Would it be correct to say that in our example \$$Lan_G\$$ sends sets to identities? (or better, sends the things that correspond to sets in \$$\mathbf{Set^1}\$$ to an identity on that set?). Or better, since left adjoint functors are unique only up to natural isomorphism, that a functor obeying what I say is *a* left adjoint to \$$- \circ G\$$?

In more detail, be \$$Ob(\mathbf{1})=\\{\star\\}\$$, and \$$Ob(\mathbf{2})=\\{0, 1\\}\$$, \$$Mor(\mathbf{2})=\\{Id_0, Id_1, i:0 \to 1\\}\$$ and \$$G(\star)=0\$$.

Let \$$S_1,S_2:\mathbf{1} \to \mathbf{Set}\$$

\$$Lan_G:\mathbf{Set}^\mathbf{1} \to \mathbf{Set}^\mathbf{2}\$$ acts on objects and morphisms via functions

$Lan_G^{Ob}: Ob(\mathbf{Set}^{\mathbf{1}}) \to Ob(\mathbf{Set}^{\mathbf{2}})$
$Lan_G^{Mor}: Mor(\mathbf{Set}^{\mathbf{1}}) \to Mor(\mathbf{Set}^{\mathbf{2}})$

So if I submit a functor \$$S_1\$$ to \$$Lan_G\$$, I obtain a functor of \$$\mathbf{Set}^{\mathbf{2}}\$$.

I'am asking if it's OK to say that \$$Lan_G\$$ sends \$$S_1\$$ (and hence in a way its associated set \$$S_1(\star)\$$) to the identity on it, \$$Id_{S_1(\star)}\$$.
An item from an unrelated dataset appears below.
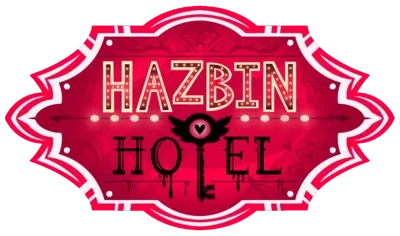 Avatar of Watching Hazbin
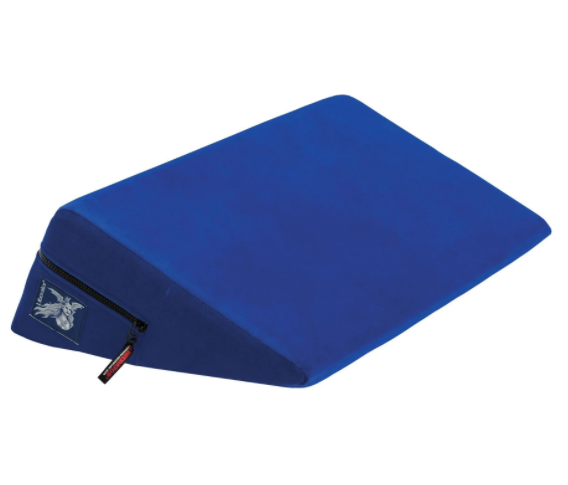 liberator wedge liberator wedge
Yet more detailedly, can I say that \$$Lan_G\$$ on objects does this to \$$S_1\$$:

$Lan_G^{Ob}(S_1)(0) = S_1(\star)$
$Lan_G^{Ob}(S_1)(1) = S_1(\star)$
$Lan_G^{Ob}(S_1)(i) = Id_{S_1(\star)}$

and similarly for \$$S_2\$$

$Lan_G^{Ob}(S_2)(0) = S_2(\star)$
$Lan_G^{Ob}(S_2)(1) = S_2(\star)$
$Lan_G^{Ob}(S_2)(i) = Id_{S_2(\star)}$

...and on arrows, for \$$\mu:S_1 \Rightarrow S_2\$$, so \$$\mu \in hom_{\mathbf{Set}^\mathbf{1}}(S_1, S_2\$$) with \$$\mu_\star:S_1(\star) \to S_2(\star)\$$, it assigns

$Lan_G^{Mor}(\mu):=\tau$

with \$$\tau = \\{\tau_0 := \mu_\star, \tau_1 := \mu_\star\\}\$$ ("duplicates arrows") so

![naturality](http://i64.tinypic.com/vglx7n.jpg)

conmutes?